In more philosophical terms, people need self-respect. This may explain why, for example, students sometimes attribute low grades to bad luck and difficult material, but explain high grades on the basis of their own abilities and efforts.

Steele’s approach has produced some surprising results. For example, in one study, female students were invited to write down values ​​that were important to them – an exercise in self-affirmation. Afterwards, many students who had done this exercise received higher grades in a physics course, especially girls who had previously performed worse than male students.

This study and many others illustrate how strengthening a person’s self-esteem can equip him or her to tackle intellectual challenges, including challenges to their personal beliefs.

With that in mind we return to Kant.

Politics is personal

Consider Kant’s claim: When we encounter someone with false beliefs, even absurdly false ones, we should help him maintain respect for his own understanding by recognizing an element of truth in his judgments. That truth could be a fact we had overlooked, or an important experience they had.

Kant is not just talking about being humble or polite. He draws attention to a real need that people have – a need that persuaders must recognize if they want to be heard fairly.

For example, suppose you want to change your cousin’s mind about who to support in the 2024 election. You have well-researched evidence and carefully choose a good time for a one-on-one conversation.

Despite all that, your chances are slim if you ignore your cousin’s need for self-esteem.

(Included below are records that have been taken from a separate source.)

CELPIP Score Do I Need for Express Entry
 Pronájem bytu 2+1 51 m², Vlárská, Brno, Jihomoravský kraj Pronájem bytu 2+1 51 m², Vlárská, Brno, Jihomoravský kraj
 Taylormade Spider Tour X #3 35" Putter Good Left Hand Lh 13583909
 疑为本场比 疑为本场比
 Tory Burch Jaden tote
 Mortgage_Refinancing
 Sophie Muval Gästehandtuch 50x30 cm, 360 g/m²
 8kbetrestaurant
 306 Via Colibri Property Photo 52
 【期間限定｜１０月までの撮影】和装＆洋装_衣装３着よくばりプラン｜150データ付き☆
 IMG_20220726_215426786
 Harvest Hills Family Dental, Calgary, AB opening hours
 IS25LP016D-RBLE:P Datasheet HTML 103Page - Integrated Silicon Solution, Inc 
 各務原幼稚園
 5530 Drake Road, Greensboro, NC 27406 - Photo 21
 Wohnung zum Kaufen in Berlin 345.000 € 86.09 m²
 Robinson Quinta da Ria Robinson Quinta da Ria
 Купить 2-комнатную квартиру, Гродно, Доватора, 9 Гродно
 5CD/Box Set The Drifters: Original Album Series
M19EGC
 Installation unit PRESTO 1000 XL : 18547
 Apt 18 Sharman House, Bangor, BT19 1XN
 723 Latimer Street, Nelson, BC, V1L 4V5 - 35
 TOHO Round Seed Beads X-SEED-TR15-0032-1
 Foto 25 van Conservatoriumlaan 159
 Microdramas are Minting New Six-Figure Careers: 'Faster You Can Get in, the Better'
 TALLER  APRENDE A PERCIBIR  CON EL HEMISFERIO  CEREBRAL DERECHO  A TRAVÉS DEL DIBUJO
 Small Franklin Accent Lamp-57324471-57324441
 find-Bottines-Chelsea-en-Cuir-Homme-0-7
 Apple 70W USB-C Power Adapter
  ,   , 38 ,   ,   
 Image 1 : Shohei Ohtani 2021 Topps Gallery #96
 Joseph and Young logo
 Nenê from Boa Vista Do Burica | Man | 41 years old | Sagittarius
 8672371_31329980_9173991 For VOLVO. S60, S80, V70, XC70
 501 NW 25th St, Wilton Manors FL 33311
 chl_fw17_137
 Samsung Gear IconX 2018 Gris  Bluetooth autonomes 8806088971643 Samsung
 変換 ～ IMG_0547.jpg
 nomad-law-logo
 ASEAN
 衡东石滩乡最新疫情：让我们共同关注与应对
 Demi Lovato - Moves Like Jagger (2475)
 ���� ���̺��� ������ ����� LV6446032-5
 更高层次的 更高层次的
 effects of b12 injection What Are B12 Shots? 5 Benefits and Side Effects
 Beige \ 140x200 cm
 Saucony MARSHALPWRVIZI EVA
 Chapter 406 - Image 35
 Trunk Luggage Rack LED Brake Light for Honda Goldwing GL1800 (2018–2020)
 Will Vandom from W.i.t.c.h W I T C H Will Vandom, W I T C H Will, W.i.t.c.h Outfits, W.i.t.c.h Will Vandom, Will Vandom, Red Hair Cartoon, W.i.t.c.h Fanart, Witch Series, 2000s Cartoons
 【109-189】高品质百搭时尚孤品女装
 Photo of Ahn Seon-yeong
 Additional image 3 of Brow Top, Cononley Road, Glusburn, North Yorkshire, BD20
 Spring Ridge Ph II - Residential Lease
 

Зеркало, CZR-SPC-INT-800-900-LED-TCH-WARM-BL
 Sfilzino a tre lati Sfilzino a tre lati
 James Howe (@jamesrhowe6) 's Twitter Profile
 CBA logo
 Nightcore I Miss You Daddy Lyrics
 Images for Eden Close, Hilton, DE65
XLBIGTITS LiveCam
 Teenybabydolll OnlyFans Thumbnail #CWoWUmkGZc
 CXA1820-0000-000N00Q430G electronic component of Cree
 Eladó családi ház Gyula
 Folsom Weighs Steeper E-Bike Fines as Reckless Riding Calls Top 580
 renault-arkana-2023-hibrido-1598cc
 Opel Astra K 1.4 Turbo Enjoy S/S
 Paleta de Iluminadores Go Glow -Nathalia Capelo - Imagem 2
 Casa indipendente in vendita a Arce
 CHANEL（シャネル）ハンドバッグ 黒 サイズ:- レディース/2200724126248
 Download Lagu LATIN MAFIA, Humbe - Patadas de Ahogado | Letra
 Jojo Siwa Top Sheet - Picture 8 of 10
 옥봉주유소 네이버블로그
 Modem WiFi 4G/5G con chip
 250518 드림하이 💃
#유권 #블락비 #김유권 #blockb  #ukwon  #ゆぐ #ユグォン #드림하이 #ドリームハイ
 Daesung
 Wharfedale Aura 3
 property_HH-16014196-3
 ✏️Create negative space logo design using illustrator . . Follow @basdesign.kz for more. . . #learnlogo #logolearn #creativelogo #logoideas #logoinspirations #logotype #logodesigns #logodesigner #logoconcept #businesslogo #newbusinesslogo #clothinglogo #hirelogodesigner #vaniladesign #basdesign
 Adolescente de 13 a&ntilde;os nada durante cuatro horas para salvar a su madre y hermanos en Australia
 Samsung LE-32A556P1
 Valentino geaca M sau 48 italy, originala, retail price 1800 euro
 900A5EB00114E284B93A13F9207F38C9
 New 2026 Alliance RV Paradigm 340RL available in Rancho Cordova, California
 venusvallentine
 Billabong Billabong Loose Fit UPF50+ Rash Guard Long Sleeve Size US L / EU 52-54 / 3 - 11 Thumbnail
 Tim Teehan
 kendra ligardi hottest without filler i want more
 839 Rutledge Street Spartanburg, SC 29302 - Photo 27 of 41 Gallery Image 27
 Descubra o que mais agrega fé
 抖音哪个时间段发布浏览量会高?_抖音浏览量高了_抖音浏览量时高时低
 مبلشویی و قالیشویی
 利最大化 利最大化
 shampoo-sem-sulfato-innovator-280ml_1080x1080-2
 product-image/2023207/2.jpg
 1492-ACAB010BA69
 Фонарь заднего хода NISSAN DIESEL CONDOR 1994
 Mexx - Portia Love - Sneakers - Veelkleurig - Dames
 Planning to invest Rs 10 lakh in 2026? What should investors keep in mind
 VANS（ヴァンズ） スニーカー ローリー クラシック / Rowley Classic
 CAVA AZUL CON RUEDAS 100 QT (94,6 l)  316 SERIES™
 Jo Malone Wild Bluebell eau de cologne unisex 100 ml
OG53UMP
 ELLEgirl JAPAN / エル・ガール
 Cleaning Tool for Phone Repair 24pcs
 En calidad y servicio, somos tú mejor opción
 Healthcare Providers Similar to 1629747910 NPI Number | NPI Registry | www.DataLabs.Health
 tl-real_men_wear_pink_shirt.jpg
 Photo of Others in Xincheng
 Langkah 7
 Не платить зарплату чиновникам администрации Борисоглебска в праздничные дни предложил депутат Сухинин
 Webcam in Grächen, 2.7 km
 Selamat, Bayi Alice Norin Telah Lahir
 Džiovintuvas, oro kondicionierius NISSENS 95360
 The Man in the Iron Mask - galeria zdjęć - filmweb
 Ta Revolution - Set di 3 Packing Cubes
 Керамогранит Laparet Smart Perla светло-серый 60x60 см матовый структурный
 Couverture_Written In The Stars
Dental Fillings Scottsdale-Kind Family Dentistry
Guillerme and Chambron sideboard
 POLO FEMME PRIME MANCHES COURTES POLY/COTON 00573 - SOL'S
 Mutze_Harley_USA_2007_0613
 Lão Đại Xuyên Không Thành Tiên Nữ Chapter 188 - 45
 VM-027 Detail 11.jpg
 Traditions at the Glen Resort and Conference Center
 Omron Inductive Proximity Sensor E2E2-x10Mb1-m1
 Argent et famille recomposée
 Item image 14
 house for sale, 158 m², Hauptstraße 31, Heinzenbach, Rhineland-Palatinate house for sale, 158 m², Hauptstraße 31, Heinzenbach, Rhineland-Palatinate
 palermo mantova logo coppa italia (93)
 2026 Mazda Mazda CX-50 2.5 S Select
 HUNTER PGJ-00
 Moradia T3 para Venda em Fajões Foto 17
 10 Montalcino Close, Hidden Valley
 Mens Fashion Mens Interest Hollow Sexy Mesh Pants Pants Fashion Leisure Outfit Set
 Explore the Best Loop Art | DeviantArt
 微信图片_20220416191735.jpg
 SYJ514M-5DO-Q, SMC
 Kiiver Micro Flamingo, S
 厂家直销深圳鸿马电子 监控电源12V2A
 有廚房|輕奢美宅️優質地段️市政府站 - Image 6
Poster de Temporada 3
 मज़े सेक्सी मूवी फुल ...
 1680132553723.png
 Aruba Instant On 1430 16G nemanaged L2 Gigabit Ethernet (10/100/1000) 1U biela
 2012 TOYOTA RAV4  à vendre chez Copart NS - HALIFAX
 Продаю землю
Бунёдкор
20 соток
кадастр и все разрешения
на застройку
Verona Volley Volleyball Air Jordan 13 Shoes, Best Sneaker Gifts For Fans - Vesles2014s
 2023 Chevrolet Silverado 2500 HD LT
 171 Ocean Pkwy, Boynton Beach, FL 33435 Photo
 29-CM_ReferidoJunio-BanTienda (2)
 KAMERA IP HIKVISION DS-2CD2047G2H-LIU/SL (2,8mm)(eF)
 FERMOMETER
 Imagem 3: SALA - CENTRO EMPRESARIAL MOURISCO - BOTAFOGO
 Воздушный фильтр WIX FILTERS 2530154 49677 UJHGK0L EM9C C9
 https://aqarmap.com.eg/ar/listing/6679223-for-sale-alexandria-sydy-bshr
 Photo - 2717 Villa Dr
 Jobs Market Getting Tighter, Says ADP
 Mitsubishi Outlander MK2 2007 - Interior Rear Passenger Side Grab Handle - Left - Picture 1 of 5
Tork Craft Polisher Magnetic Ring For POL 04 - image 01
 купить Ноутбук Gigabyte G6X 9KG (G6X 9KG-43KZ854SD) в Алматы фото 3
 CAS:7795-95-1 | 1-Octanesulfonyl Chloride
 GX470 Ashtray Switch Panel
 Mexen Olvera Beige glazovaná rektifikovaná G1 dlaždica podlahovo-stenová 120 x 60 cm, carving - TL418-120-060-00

In a country as polarized as the US is today, a discussion about who to vote for can feel like a direct attack on someone’s competence and moral decency.

A bearded man looks into space while a blurry woman at the same table speaks to him.A bearded man looks into space while a blurry woman at the same table speaks to him.

Providing someone with evidence that he or she needs to change their mind can directly tap into their need for self-esteem – our human need to see ourselves as intelligent and good.

Moral maturity

In other words, persuasion requires a lot of juggling: in addition to presenting strong persuasive arguments, a persuader must also avoid endangering the other person’s need for self-respect.

The actual juggling would be a lot easier if we could slow down the objects. That’s why juggling on the moon would be about twice as easy as on Earth, thanks to the moon’s lower gravity.

However, when it comes to persuasion, we can slow things down by controlling the pace of the conversation, freeing up time to learn something from the other person in return. This shows that you take them seriously – and that can boost their self-esteem.

To be ethical, this openness to learning must be genuine. But that’s not difficult: each of us has limited experience with most topics. For example, maybe Donald Trump or Joe Biden confirmed some of your cousin’s frustrations with their local government in ways you couldn’t have guessed.

This approach also has an important benefit for you: it helps you maintain your own self-esteem. After all, approaching others with humility shows moral maturity. Recognizing others’ need for self-esteem can not only help you convince someone, but also in ways you can be proud of.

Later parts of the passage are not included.